ABOUT THIS TASK: Your answer should be the lines of the data below that contain "Photo".

(Items from a data source)
================================

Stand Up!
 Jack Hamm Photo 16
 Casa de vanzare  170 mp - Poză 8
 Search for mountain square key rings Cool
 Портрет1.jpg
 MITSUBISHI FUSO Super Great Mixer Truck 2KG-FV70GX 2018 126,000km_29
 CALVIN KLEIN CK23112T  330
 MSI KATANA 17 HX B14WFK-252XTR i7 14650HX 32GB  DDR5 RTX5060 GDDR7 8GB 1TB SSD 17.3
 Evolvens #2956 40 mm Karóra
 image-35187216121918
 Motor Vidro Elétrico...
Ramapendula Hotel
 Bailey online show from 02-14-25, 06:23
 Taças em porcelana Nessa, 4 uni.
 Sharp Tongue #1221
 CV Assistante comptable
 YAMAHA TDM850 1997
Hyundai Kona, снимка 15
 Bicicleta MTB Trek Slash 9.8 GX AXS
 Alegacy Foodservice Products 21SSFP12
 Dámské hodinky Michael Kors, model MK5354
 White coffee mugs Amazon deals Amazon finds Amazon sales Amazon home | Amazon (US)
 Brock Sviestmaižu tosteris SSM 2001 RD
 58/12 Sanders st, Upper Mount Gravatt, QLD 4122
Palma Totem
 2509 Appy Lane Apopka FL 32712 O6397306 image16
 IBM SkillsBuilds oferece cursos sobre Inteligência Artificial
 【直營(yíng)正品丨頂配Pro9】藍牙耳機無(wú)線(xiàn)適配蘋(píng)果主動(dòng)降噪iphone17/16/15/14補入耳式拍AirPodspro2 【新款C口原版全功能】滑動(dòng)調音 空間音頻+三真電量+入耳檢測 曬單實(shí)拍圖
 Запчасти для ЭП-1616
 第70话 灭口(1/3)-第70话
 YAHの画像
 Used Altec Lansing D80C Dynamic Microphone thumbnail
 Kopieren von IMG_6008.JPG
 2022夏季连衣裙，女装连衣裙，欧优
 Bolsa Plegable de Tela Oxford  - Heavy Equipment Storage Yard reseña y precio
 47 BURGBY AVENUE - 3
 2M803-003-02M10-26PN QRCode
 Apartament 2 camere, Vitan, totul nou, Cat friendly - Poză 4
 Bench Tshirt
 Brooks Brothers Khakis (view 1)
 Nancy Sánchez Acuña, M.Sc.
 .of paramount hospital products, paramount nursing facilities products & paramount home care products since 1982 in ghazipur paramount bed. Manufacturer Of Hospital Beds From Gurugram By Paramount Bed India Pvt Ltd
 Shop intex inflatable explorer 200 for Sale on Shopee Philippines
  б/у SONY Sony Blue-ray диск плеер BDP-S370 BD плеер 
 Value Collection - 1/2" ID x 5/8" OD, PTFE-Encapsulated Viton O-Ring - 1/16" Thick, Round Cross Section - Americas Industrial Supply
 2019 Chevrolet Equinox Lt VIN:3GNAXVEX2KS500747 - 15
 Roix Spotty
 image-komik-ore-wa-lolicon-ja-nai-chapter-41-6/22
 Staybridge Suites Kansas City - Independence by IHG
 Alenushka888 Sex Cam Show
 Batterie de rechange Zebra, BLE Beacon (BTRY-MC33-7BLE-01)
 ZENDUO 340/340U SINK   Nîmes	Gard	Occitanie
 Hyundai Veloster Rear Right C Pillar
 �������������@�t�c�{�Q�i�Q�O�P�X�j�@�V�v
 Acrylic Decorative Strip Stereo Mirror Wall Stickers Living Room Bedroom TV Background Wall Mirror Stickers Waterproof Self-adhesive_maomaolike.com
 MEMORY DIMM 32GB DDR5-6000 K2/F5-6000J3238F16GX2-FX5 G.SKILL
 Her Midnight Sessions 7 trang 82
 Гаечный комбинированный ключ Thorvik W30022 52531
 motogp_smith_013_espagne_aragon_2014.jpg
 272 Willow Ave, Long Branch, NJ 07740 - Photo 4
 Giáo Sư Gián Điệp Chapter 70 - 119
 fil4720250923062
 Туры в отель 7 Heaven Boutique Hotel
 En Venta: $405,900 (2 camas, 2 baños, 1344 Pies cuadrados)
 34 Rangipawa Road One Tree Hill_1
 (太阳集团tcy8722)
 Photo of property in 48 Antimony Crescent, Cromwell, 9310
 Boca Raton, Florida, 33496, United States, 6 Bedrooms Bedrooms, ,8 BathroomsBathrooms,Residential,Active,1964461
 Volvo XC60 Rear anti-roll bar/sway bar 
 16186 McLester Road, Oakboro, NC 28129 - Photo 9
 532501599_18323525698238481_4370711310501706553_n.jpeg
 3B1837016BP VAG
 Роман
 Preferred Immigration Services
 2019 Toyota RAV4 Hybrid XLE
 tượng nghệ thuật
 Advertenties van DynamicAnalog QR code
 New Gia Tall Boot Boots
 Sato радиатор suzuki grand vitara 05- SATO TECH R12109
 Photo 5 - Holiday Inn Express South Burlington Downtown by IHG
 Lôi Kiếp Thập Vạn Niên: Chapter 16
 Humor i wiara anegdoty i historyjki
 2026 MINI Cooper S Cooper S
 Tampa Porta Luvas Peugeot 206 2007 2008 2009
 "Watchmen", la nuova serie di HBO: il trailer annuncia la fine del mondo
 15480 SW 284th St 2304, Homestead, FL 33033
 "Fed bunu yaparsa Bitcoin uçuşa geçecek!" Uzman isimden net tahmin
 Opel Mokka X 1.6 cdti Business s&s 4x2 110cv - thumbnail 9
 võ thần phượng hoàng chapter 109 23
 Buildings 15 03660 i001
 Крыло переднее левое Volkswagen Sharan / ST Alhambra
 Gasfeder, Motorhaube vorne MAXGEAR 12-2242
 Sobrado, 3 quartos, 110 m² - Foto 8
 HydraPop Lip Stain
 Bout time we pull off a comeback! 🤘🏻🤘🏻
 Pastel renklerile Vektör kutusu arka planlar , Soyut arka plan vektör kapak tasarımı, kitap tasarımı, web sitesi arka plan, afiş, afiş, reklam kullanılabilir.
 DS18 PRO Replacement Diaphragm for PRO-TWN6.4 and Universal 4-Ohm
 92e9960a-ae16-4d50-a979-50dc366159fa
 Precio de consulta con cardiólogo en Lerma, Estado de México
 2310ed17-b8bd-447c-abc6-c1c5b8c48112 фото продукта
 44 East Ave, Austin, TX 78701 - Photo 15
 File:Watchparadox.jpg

================================

EXERCISE OUTPUT:
 Jack Hamm Photo 16
 272 Willow Ave, Long Branch, NJ 07740 - Photo 4
 Photo of property in 48 Antimony Crescent, Cromwell, 9310
 16186 McLester Road, Oakboro, NC 28129 - Photo 9
 Photo 5 - Holiday Inn Express South Burlington Downtown by IHG
 44 East Ave, Austin, TX 78701 - Photo 15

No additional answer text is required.